Under the UK’s merger control regime, there is no obligation to notify mergers to the Competition and Markets Authority (CMA).  However, where merger parties wish to formally notify a merger, there is a duty for them to make full and accurate disclosures of all relevant information.

Information requested in a Merger Notice, which is the form for businesses to use to notify the CMA of an anticipated or completed merger, includes details of the merger parties’ businesses, finances, operations and any other relevant information. The CMA will also typically issue information requests, including request notices under section 109 of the Enterprise Act 2002 (Section 109 Notices), to the merger parties to complete the Merger Notice to ensure it has sufficient information to commence its investigation.

Even after the CMA has accepted a Merger Notice, it can at any time during the 40-working day initial review period, reject the Merger Notice if it suspects information submitted to be false or misleading or if the merger parties either fail to provide information, which should in fact have been included in the Merger Notice or fail to provide requested information on time without reasonable excuse.

In respect to information requests, including Section 109 Notices, it is a criminal offence to provide, intentionally or recklessly, false or misleading information to the CMA. Criminal sanctions include imprisonment for up to two years, a fine or both. The CMA may also impose an administrative fine, which may be of a fixed amount or calculated by reference to a daily rate. The amount of the fine is determined by the CMA, up to a maximum of £15,000 per day or £30,000 for a fixed amount. The CMA has exercised some of its powers.

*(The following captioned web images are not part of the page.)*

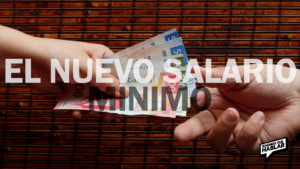 Salario Mínimo 2025: Nuevo Ajuste de 8,400 Pesos al Mes para Todos los Trabajadores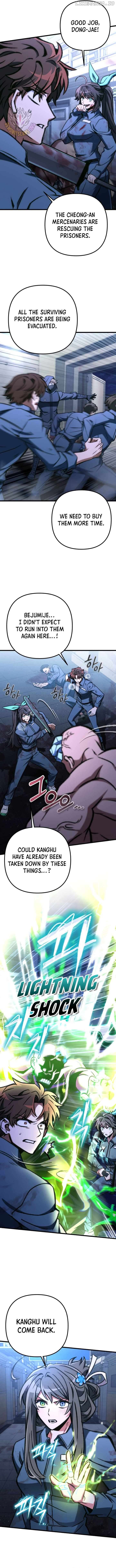 The Genius Assassin Who Takes it All Chapter 68 - page 9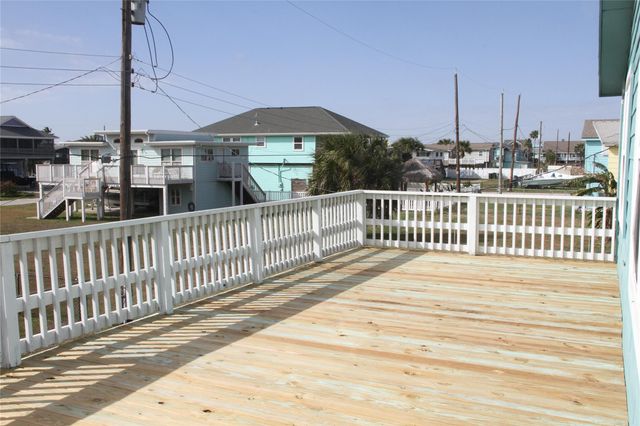 4102 Kent Drive, Galveston, TX 77554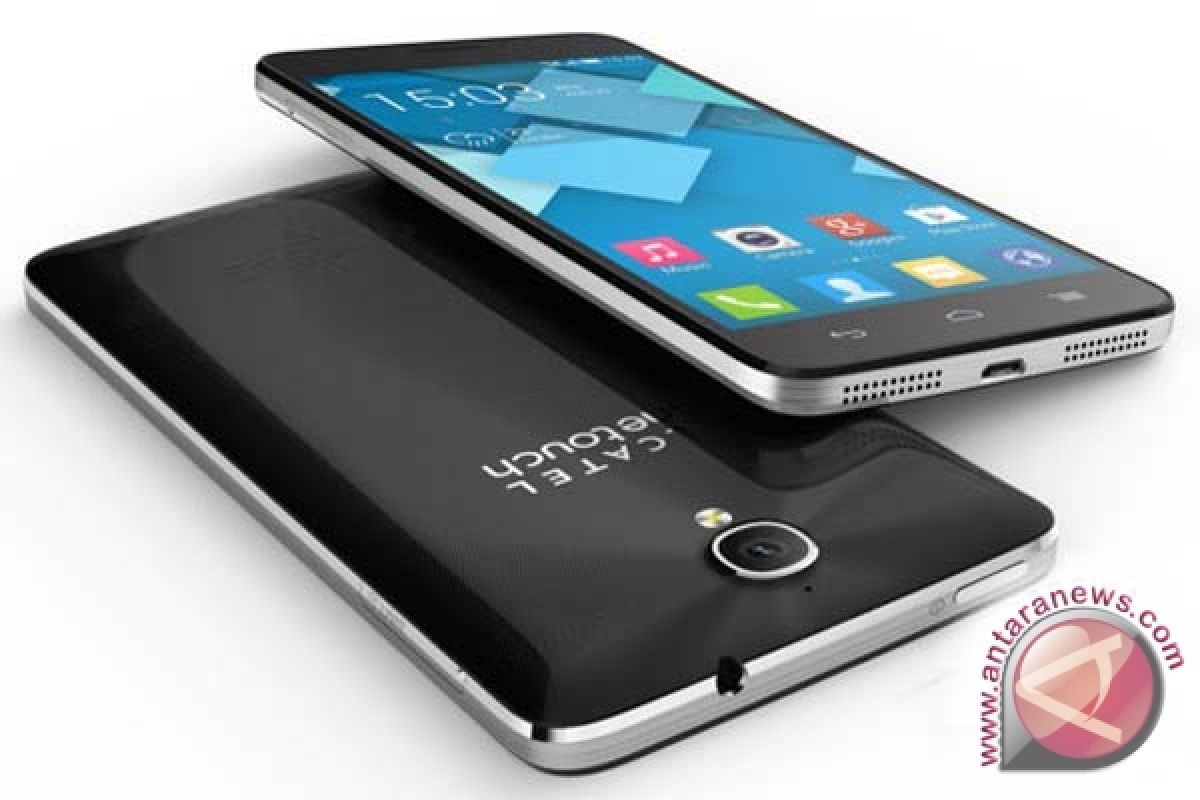 Alcatel One Touch Idol X+ Akan Segera Dipasarkan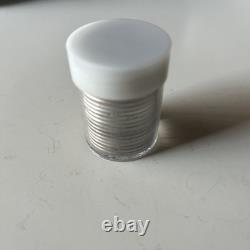 Walking Liberty Half Dollars, Lot of 20, 90% silver Walking Liberty Half Dollars, Lot of 20, 90% silver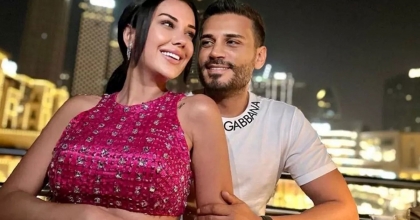 BOMBA İDDİA: DİLAN POLAT VE ENGİN POLAT BOŞANIYOR MU?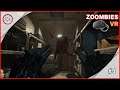 Half Life Alyx, Zoombies VR #4 - Gameplay PT-BR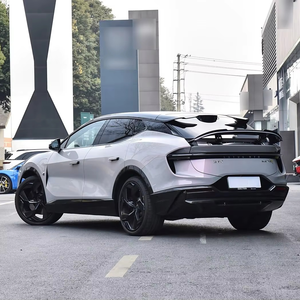 Modelo 2025 Verificado, SUV Eléctrico de Lujo Usado, Estilo SUV, Alto Rendimiento, Espacioso, Usado en Buenas Condiciones, Suministrado desde Japón - Product Image 5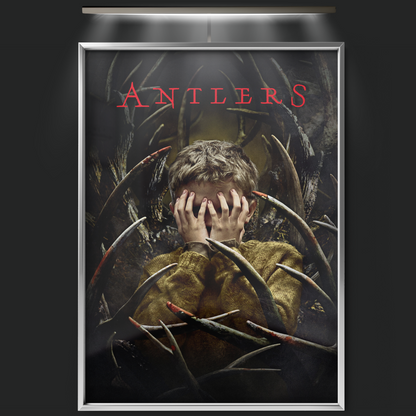 Antlers (2021)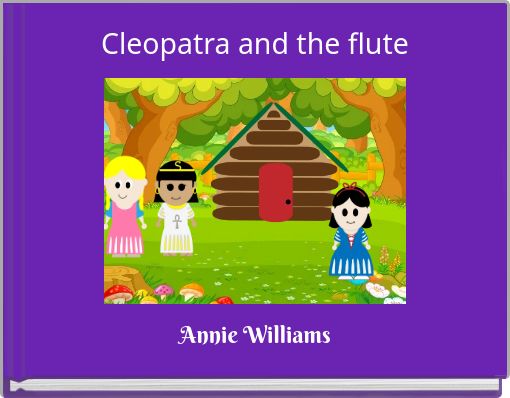 Cleopatra and the flute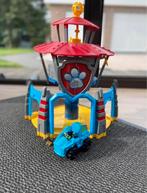 Paw Patrol Dino Rescue Headquarters, Hoofdkwartier met Rex, Ophalen, Zo goed als nieuw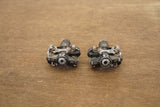 Bontrager SPD Alloy Clipless Road Pedals 342g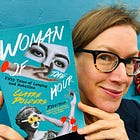 🖇️ Woman of the Hour—Fiction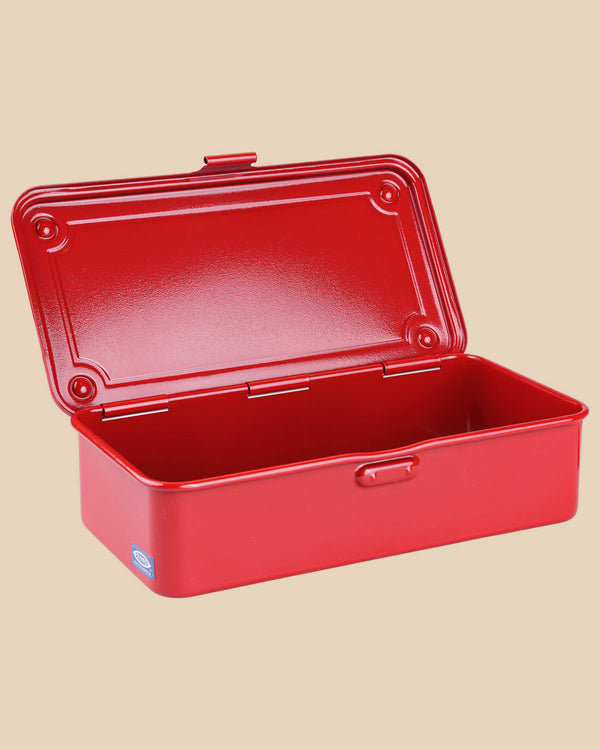 TOYO Toolbox T190 (rød)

In addition, the CMA has the power to suspend the statutory timetables for reviewing mergers where information required under a Section 109 Notice is not provided by a relevant person or is found to be false or misleading.

Below are some of the most recent penalty decisions where fines were imposed on the parties.

  • On August 11, 2023, the CMA announced that it had imposed a penalty of £25,000 on Copart in relation to its acquisition of Hills Motors for failing, without reasonable excuse, to comply with Section 109 Notices during its Phase 2 investigation. In particular, Copart failed to provide the CMA with more than 50 documents that it considered were relevant and responsive to the Notice. 
  • On September 7, 2020, the CMA announced that it had imposed penalties totalling £55,000 on Amazon for failing to comply with requirements imposed on it by Section 109 Notices during its Phase 2 investigation of the anticipated acquisition of certain rights and a minority shareholding in Deliveroo. By way of background, the CMA had issued three Section 109 Notices in December 2019, January 2020 and March 2020, requiring Amazon to produce certain documents and information relevant to the CMA’s investigation.  However, only a total of 189 documents were provided and these were more than two months late and only after follow-up by the CMA.
  • On October 11, 2019, the CMA announced that it had imposed a penalty of £20,000 on Sabre Corporation acquiring Farelogix for failing, without reasonable excuse, to comply with Section 109 Notices, which had been sent in March and April 2019, during the Phase 1 investigation.  In its penalty decision, the CMA noted that a total of 188 unique documents were submitted around two months after the applicable deadlines had expired at a relatively advanced stage in the CMA’s investigation. It concluded that Sabre’s reliance on external US counsel to conduct a privilege review does not give rise to a reasonable excuse as its failure to adopt a quality control process that was adequate to ensure compliance with the requirements of the Section 109 Notices was a foreseeable error.

The duty to make full disclosures on time is an important aspect of the UK’s merger control regime, as it is in the EEA where parties have similar duties of full disclosure under the European Merger Regulation. This ensures transparency and fairness in the process, and enables the CMA to carry out its investigations effectively. Merger parties are strongly advised to provide accurate and complete information to ensure a fair and thorough review by the CMA. It is also important for the merger parties to notify the CMA as soon as possible after receiving a request for information if they encounter any difficulties in meeting the deadlines for providing the requested information.